In [6]:
library(tidyverse)
library(repr)
library(tidymodels)
library(GGally)
options(repr.matrix.max.rows = 6)
set.seed(100)

# Read Me:


## comment from Trevor:
### 1. tansfrom the predictors showing huge range into log scale before any other recipe steps. Check if there is any built in log special step in recipe? 

  
### 2. Do you need to upsample? it is not super unbalanced 
### - use cross-validation to compare K = 1, 2, 3, ... 
### - then compare accuracy on the data without upsample and with upsample, see if upsample really improve the result. 

### Rock Physical Properties and Rock Type 
**DSCI 100 Project Final Report
**Group 4: Naijide Anwaer, Maggie Ruan, Yun Xing  
Date: December 05, 2021**


### Introduction 
The purpose of this project proposal is to provide an overview of the rock petrophysical data process project. This proposal introduces the rock properties database, illustrates the exploratory data analysis, explains the methodology, and discusses the expected outcome of this project.  
 
The Canadian Rock Physical Property Database (CRPPD) includes rock petrophysical measurements on over 20,000 observations collected during the last 40 years. The rock measurements available in this database are density, porosity, resistivity etc.. Geographically, observations are categorized into different sample types including outcrop, subcrop, hand sample, and borehole sample. Geologically, observations are categorized into different rock types including igneous, sedimentary, and metamorphic, the three fundamental rock types.  

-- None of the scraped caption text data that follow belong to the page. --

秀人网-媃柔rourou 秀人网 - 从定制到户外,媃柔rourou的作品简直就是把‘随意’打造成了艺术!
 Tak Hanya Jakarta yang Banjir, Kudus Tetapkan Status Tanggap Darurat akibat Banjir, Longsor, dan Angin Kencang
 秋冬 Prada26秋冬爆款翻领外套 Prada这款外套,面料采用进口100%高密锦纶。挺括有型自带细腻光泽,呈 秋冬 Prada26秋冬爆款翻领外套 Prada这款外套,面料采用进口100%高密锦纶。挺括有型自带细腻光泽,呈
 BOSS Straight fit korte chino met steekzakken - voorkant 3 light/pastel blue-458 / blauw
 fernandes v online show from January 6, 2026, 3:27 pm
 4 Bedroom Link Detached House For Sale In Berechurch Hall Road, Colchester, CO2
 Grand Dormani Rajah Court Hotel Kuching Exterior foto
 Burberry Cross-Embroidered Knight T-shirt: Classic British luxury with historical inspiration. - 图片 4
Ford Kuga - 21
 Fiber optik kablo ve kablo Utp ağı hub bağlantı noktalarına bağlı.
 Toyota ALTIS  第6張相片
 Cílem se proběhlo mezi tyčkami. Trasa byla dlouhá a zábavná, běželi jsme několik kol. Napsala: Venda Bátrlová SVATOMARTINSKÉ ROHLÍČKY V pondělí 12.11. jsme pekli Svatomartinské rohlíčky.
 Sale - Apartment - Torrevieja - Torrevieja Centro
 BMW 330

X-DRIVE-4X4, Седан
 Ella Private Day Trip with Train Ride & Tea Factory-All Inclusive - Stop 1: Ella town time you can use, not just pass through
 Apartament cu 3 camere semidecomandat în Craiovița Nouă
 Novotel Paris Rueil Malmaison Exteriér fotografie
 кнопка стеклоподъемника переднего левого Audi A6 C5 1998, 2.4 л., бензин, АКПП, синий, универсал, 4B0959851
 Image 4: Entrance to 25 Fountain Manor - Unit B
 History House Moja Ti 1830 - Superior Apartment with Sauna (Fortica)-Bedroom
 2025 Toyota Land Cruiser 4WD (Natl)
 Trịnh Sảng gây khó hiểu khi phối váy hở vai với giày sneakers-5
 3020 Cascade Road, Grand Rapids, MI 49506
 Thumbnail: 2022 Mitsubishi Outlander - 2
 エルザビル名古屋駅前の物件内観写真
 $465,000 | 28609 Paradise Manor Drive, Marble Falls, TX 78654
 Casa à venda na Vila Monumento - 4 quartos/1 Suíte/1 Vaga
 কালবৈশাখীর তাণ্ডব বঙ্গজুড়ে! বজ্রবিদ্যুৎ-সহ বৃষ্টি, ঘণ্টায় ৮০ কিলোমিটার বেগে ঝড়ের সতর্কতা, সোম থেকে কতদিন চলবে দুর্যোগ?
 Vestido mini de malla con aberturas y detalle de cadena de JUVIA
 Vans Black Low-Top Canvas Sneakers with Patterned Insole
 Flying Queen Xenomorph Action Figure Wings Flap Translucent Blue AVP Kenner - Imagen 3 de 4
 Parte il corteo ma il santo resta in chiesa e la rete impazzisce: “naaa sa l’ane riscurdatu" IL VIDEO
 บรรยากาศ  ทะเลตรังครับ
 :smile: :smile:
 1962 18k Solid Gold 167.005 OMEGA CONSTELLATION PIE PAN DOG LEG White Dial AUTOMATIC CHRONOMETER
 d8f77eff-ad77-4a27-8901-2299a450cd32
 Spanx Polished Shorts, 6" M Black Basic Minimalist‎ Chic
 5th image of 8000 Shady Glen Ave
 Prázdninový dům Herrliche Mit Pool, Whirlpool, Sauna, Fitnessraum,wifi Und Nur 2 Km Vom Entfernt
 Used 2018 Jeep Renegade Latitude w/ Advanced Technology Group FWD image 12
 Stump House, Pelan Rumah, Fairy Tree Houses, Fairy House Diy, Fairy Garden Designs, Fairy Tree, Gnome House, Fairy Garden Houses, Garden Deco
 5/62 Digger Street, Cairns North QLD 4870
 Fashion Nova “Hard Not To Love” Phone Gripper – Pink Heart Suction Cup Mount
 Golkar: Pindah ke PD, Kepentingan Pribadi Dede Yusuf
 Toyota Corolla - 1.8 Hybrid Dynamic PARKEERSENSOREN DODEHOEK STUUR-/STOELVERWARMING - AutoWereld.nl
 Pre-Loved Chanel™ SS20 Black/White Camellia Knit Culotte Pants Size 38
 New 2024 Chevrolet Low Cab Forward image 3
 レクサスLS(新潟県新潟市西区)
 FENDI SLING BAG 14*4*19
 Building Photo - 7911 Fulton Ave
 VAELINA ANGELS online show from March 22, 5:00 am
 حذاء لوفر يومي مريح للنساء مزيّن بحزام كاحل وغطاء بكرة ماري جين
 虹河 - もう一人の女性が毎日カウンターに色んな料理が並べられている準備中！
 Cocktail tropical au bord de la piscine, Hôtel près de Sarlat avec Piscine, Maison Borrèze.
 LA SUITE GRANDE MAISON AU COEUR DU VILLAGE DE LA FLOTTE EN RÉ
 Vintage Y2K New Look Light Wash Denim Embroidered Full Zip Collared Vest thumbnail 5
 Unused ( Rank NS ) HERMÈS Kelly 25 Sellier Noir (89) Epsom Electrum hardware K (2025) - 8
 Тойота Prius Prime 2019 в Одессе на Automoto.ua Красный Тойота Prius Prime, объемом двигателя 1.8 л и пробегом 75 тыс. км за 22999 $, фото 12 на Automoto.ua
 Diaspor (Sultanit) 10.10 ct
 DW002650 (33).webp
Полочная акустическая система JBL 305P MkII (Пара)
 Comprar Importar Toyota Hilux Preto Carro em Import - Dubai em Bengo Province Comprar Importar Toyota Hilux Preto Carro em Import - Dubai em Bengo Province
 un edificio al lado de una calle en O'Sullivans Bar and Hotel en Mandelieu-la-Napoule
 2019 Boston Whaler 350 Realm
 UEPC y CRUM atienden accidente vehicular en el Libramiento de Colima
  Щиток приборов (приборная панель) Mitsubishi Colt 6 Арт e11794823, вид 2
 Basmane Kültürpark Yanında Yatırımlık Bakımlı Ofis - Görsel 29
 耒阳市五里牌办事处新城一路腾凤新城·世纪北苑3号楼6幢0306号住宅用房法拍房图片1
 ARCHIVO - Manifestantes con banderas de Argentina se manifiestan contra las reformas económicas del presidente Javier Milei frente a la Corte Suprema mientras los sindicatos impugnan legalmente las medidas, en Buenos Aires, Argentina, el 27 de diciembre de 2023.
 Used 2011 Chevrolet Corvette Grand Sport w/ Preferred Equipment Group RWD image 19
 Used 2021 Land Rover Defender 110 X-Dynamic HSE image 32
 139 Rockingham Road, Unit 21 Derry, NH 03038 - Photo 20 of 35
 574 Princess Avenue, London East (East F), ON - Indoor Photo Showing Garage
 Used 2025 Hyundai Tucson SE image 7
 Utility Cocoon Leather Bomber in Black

The group intends to study the relationship between the rock petrophysical measurements and the three fundamental rock types, and to answer a classification problem: given the physical properties data, whether the rock will be igneous, sedimentary, or metamorphic.   

The classifier model will be useful in the situation where the physical property data are available while the rock type is unclassified. An example of this will be in diamond drillholes (sample type: Borehole), where not all the rock core in the borehole are brought up to the surface for visual examination. As a result, the group decided to perform the data analysis with the focus on data categorized under sample type borehole.



### Preliminary Analysis
The preliminary data are obtained as a zip file from the Government of Canada, Natural Resources Canada website. Upon unzipping the file and bringing the original excel file into Jupiter notebook for R processing, the group noticed that R encountered a runtime error.  
 
Indicated by read_* documentation, the column type will be imputed from the first 1000 rows on the input file. As the top 1000 data in this excel mostly contains NULL values, R automatically assigned “col_logical” as the column type for most of the columns. However, this column type conflicts with the majority of the other observations, which contain numerical values.    
 
To solve this issue, the group decides to sort the observations in excel before importing into Jupiter. We relocated the columns with no missing data to the top of the file, and R successfully created columns with the proper type “col_double” and no error was thrown. The following code demonstrates the steps of data import:


In [7]:
url <- "https://raw.githubusercontent.com/yxing6/DSCI_100_Project_Group4/main/data/of_8460_database.csv"
# download.file(url, destfile = "rock_physical_properties.csv")
# rock_data_raw <- read_csv("rock_physical_properties.csv")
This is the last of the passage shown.